When scientists are interested in knowing the values of, or inferring causal relations between variables that they cannot directly measure, they typically record several survey or test ?items? that are thought to be indicators of latent variables of interest, e.g. math ability or impulsiveness. Although it is rare that a latent variable is measured perfectly by any single indicator, estimates of the latent variables, and their associations with other latents, can be obtained by employing multiple indicators for each latent variable (multiple indicator models). If the multiple indicator model is correctly specified, then in a wide range of cases the estimates obtained are consistent and have desirable statistical properties, and these estimates can be used to search for causal models among the latents. If the model is mis-specified, then estimators are typically biased.

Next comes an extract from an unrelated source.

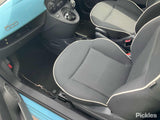 2014 FIAT 500 AUTO, PETROL, 0.9, TURBO, 5 SPEED, 01/12-09/15  TRANS GEARBOX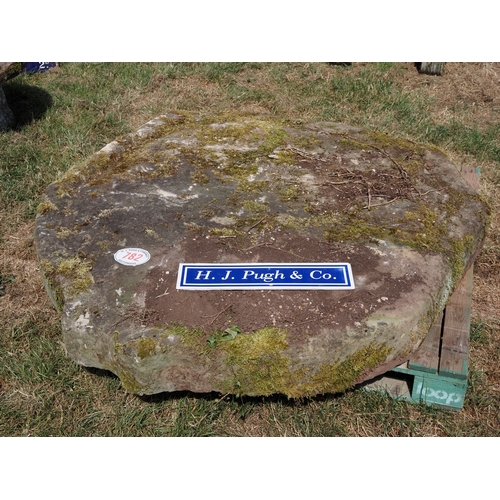 782 - Drip stone 4ft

A number of problems make it difficult to find a correctly specified measurement model: a) associations among items are often confounded by additional unknown latent common causes, b) there are often a plethora of alternative models that are consistent with the data and with the prior knowledge of domain experts, c) there may be non-linear dependencies among latent variables, or linear relationships among non-Gaussian latent variables, and d) there may be feedback relationships among latent variables. This work will generalize previous work by Silva, et al., 2006 in JMLR in a way that overcomes many of these difficulties. In particular, I will sketch an outline to an approach that leverages algebraic work by Sullivant et al. (2010) in the Annals of Statistics that allows for models with several latent factors underlying each pair of items, that involve non-linearities and non-Gaussian variables (in parts of the model), and that involve feedback between latent variables of interest; I will also describe what the open problems for this approach are.